2
votes

Same cypher query taking different time when executed through different consoles:

Executed via spring-data-neo4j: (took 8 seconds)

@Query(
"MATCH (user:User {uid:{0}})-[:FRIEND]-(friend:User)" +
"RETURN friend"
)
public List<User> getFriends(String userId);

Executed via http://localhost:7474/browser/ : (took 250 ms)

Executed via http://localhost:7474/webadmin/#/console/ : (took 18 ms)

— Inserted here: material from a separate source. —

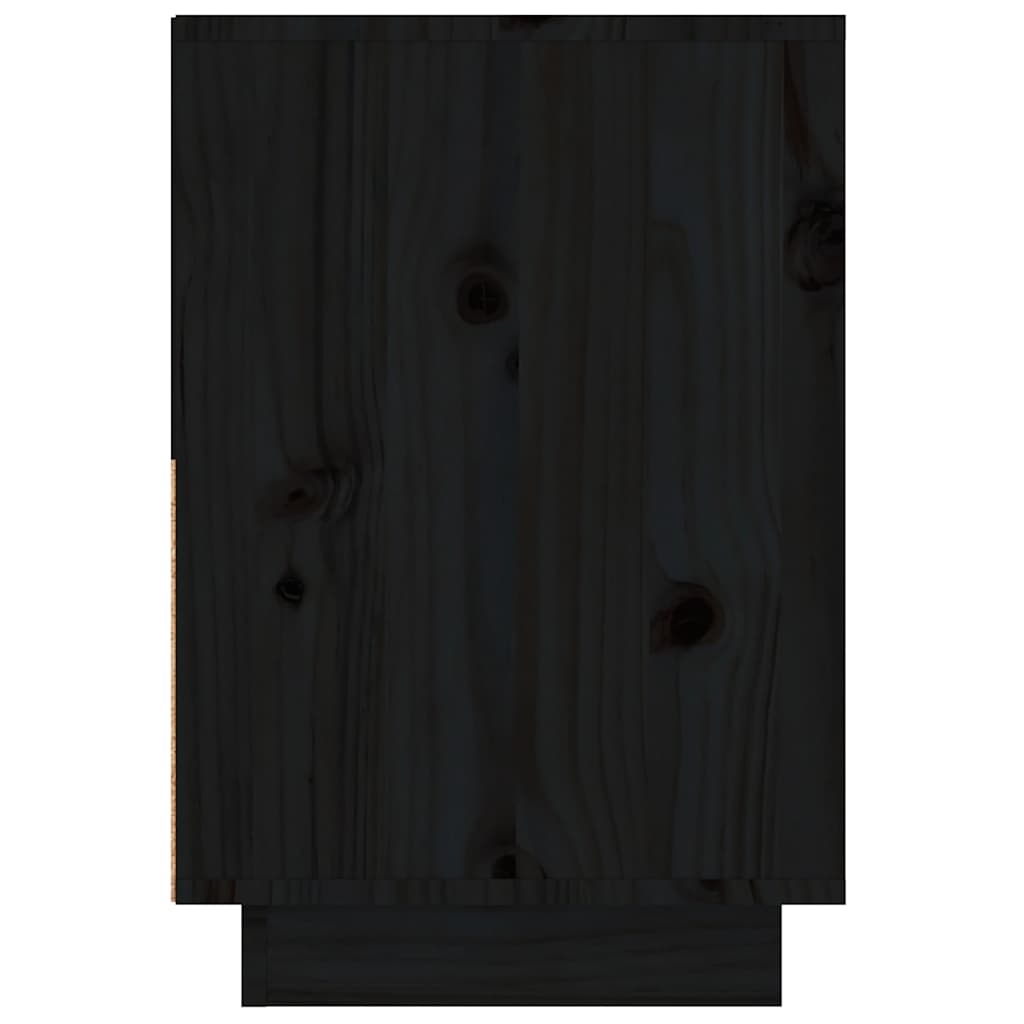 vidaXL Szafki nocne, 2 szt., czarne, 60x34x51 cm, lite drewno sosnowe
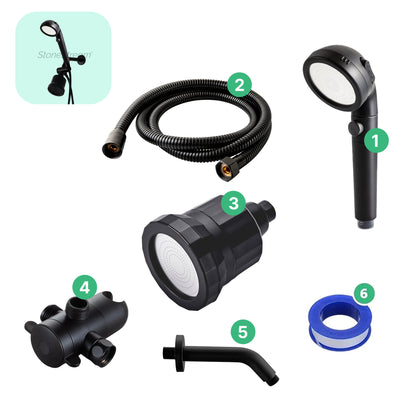 Black Ecopower Shower Head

Even though queries executed via console are very fast and taking time under acceptable range but for production I have to execute those queries from my java app and in which case the time taken by queries are totally unacceptable.

Edit:

@NodeEntity
public class User extends AbstractEntity {

    @RelatedToVia(elementClass = Friendship.class, type = FRIEND, direction = BOTH)
    private Set<Friendship>     friendships;

    ...
}
1
What if you repeat the query? Possibly the first query is slow (250 ms) and the from console it is fast? What if you run the query from the console first? - František Hartman
How did you model the entities? Are friends included in users as a set annotated with @Fetch? In that case the reason for the long time taken from SDN could be in loading objects into memory. Also advanced mapping is faster then the simple one. - remigio
@remigio is right, especially if you use rest database which is still very ineffective for these kind of queries - František Hartman
@frant.hartm I executed the same query alternatively various times and every time experienced the same behaviour - Yatendra
Have a look at this link for an explanation about the difference between simple and advanced mapping. It could make the difference. Moreover @frant.hartm pointed out a good remark: are you using the rest server or the embedded version of Neo4j? - remigio

1 Answers

-1
votes

Make sure when benchmarking that you run tests at least 3 times and plan to drop the first one. I find that it takes one or two runs to warm the cache for Neo4j for any given query. This is different than most RDBMS which don't cache the same way.

My practice is to run test queries 5 times and drop the first 2. This works pretty consistently for me regardless of the size of data set (I test with tens of thousands and hundreds of thousands of nodes) and the complexity of the script (I have some Cypher statements that run more than 50 or so lines, multiple WITHs, etc). What I've found is that after the first two runs, the performance from one run to the next of the same query tends to stay right around the same value..

So make sure that in production you've warmed your cache for your common queries. And make sure that you've got sufficient memory available to the JVM and Neo4j. Most data sets are smaller than a few GB and so can fit in memory, if Neo4j has access to enough memory.

Finally, be sure you have your indexes in place (e.g. CREATE INDEX ON :User(uid)). With most of the graph and its properties loaded in memory, and the right indexes in place, Neo4j should really perform.